The P(bt)O(2) and the BT of 18 patients with severe head injury were monitored, and the patients were treated with mild hypothermia within 20 hours after injury. The rectal temperature (RT) of the patients was kept on 31.5-34.9 degrees C for 1-7 days (57.7 hours+/-28.4 hours averagely), simultaneously, the indexes of P(bt)O(2) and BT were monitored for 1-5 days (with an average of 54.8 hours+/-27.0 hours). According to Glasgow Outcome Scale (GOS), the prognosis of the patients was evaluated at 6 months after injury.
Within 24 hours after severe head injury, the P(bt)O(2) was significantly lower (9.6 mm Hg+/-6.8 mm Hg, 1 mm Hg=0.133 kPa) than the normal value (16-40 mm Hg). After treatment of mild hypothermia, the mean P(bt)O(2) increased to 28.7 mm Hg+/-8.8 mm Hg during the first 24 hours, and the P(bt)O(2) was still maintained within the range of normal value at 3 days after injury. The BT was higher than the RT in the patients in acute phase of severe head injury, and the difference between the BT and the RT significantly increased after treatment of mild hypothermia.

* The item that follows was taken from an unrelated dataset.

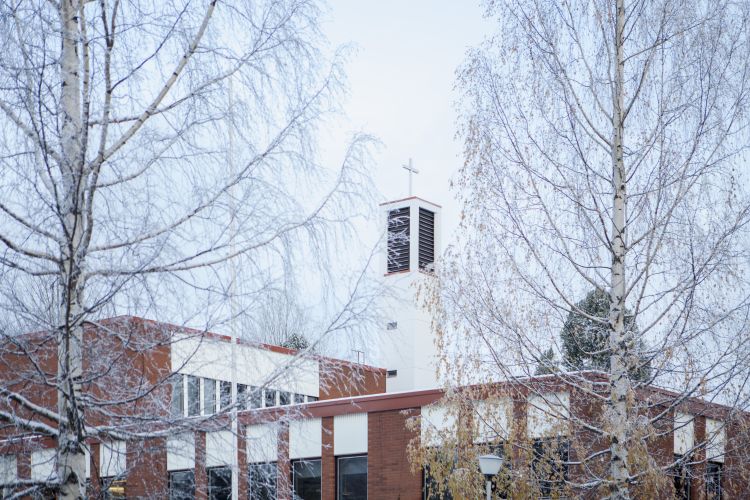 Puijon kirkon talvinen kuva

Hyperventilation (the partial pressure of carbon dioxide in artery (P(a)CO(2)) approximately 25 mm Hg) decreased the high intracranial pressure (ICP) and significantly decreased the P(bt)O(2).
This study demonstrates that P(pt)O(2) and BT monitoring is a safe, reliable and sensitive diagnostic method to follow cerebral oxygenation. It might become an important tool in our treatment regime for patients in the acute phase of severe head injury requiring hypothermia and hyperventilation.
Chinese Journal of Traumatology (English Edition) 03/2002; 5(1):43-5.